Negli ultimi anni, alcuni studiosi hanno messo in luce l’emergere di un’ulteriore modalità di utilizzo da parte dei policy maker della conoscenza scientifica. Essa fa riferimento al cospicuo utilizzo, da parte dei policy maker, di dati statistico-quantitativi, presentati come giustificazione esclusiva, o quasi, delle proprie scelte di policy [Desrosiéres 1998, 2011]. Si tratta di una forma di utilizzo della conoscenza volto al presentare le proprie scelte politiche come obbligate dai dati, declinando in modo spesso assai superficiale il concetto di evidence based policies [Pawson 2003, Salais 2009, Wolin 2008]. Se infatti le scelte di politiche vengono presentato come auto-evidenti, esse diventano anche non discutibili, se non dalla sola comunità scientifica. Questa tendenza opera cioè una sorta di collasso della dimensione normativa sulla dimensione descrittiva, in virtù della quale una certa osservazione della realtà, supposta come oggettiva e indiscutibile, diventa di per sé sufficiente a orientare le scelte di governo della cosa pubblica, senza passare dal vaglio di considerazioni di opportunità morale o politica [Bosco 2012, De Leonardis, Giorgi 2013]. […] Tale modalità sembra essere adottata in maniera crescente dai decisori pubblici, a vari livelli, non solo a livello nazionale e internazionale, ma anche in alcune esperienze amministrative locali [Borghi et al. 2013]. Anche in questo caso, dunque, l’utilizzo del sapere prodotto dai ricercatori appare di tipo prevalentemente strumentale e tende a ridurre lo spazio del dibattito democratico.

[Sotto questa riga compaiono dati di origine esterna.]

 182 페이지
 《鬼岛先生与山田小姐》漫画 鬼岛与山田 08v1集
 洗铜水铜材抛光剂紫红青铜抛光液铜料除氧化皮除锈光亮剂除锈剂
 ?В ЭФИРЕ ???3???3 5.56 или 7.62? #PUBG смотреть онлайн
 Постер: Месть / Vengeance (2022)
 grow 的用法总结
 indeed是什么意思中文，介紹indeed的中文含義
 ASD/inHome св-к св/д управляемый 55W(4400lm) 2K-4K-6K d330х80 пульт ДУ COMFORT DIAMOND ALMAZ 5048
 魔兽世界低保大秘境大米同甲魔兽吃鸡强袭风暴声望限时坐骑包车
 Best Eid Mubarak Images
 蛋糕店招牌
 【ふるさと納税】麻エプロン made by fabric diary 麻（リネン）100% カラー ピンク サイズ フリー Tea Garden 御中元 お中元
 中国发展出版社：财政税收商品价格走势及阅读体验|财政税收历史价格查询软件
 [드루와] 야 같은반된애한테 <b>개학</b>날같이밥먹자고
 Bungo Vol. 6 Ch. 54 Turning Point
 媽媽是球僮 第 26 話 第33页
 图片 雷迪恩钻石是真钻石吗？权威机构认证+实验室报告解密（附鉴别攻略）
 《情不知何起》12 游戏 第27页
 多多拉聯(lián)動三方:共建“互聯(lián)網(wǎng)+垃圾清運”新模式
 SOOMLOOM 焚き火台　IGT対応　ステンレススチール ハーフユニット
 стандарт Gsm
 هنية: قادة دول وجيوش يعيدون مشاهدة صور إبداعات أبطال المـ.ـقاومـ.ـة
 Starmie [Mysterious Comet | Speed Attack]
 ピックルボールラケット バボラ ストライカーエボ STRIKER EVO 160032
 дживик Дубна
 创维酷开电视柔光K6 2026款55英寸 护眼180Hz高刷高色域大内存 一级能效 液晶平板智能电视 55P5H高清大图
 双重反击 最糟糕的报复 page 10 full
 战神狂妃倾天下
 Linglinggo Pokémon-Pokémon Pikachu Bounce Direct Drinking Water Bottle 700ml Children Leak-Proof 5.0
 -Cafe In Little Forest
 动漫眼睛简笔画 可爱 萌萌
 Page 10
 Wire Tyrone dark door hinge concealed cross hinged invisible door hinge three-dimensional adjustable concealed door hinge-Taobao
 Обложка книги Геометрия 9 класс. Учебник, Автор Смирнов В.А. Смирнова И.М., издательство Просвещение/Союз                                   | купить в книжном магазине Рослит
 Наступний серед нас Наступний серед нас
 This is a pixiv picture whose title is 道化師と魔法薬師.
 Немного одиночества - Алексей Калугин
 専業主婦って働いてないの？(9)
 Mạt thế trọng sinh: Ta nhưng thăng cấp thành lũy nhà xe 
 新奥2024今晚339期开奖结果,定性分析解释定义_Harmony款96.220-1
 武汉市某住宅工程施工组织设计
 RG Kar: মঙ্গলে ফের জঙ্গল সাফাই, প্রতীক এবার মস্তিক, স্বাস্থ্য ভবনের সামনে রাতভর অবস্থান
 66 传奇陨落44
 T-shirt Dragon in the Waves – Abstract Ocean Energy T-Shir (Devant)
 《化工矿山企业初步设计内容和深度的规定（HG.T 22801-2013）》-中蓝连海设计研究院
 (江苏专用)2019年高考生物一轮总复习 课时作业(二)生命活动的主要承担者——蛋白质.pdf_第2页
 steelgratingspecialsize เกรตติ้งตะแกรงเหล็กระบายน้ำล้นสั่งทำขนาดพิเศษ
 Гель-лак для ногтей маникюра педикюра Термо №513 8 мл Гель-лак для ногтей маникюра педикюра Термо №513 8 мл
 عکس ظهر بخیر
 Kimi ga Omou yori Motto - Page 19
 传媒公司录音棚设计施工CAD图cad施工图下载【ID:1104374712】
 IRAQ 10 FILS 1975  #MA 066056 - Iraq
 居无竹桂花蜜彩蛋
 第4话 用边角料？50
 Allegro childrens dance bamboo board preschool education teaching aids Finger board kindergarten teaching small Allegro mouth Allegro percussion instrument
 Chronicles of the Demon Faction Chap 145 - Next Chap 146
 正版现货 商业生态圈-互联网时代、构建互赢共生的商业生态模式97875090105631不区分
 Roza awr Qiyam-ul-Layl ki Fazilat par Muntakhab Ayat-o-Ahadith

Il lavoro del Laboratorio Metropolitano [presentato in “Agenda Milano. Ricerche e pratiche per una città inclusiva”, a cura di Emanuele Polizzi e David Bidussa, ndr] mira a configurare un tipo di relazione assai differente da tutti e tre questi modelli di relazione tra Amministrazioni pubbliche e ricercatori. Da una parte infatti, esso intende porre la relazione con i ricercatori in termini non strumentali, cioè non chiede loro di diventare consulenti per la giustificazione delle proprie politiche e non offre infatti alcuna retribuzione. Dall’altra parte, qui i ricercatori non sono chiamati in causa nella loro veste di sostenitori politici dell’Amministrazione comunale, e tantomeno nella veste di ideologi di riferimento di un partito o di una corrente politica. Il loro ingaggio avviene semmai su lavori da loro già prodotti autonomamente o in corso di produzione. L’obiettivo è infatti quella di mettere in valore quanto la ricerca scientifica sui fenomeni urbani e sulle politiche che li governano già produce e porlo all’attenzione di un’Amministrazione pubblica, attraverso un processo pubblico di selezione nel quale il criterio di inclusione è lo spessore scientifico e la pertinenza del contributo ai temi che l’Amministrazione ha proposto.
20/02/17
* Il testo è tratto da “Agenda Milano. Ricerche e pratiche per una città inclusiva” a cura di David Bidussa ed Emanuele Polizzi, Scenari, febbraio 2017.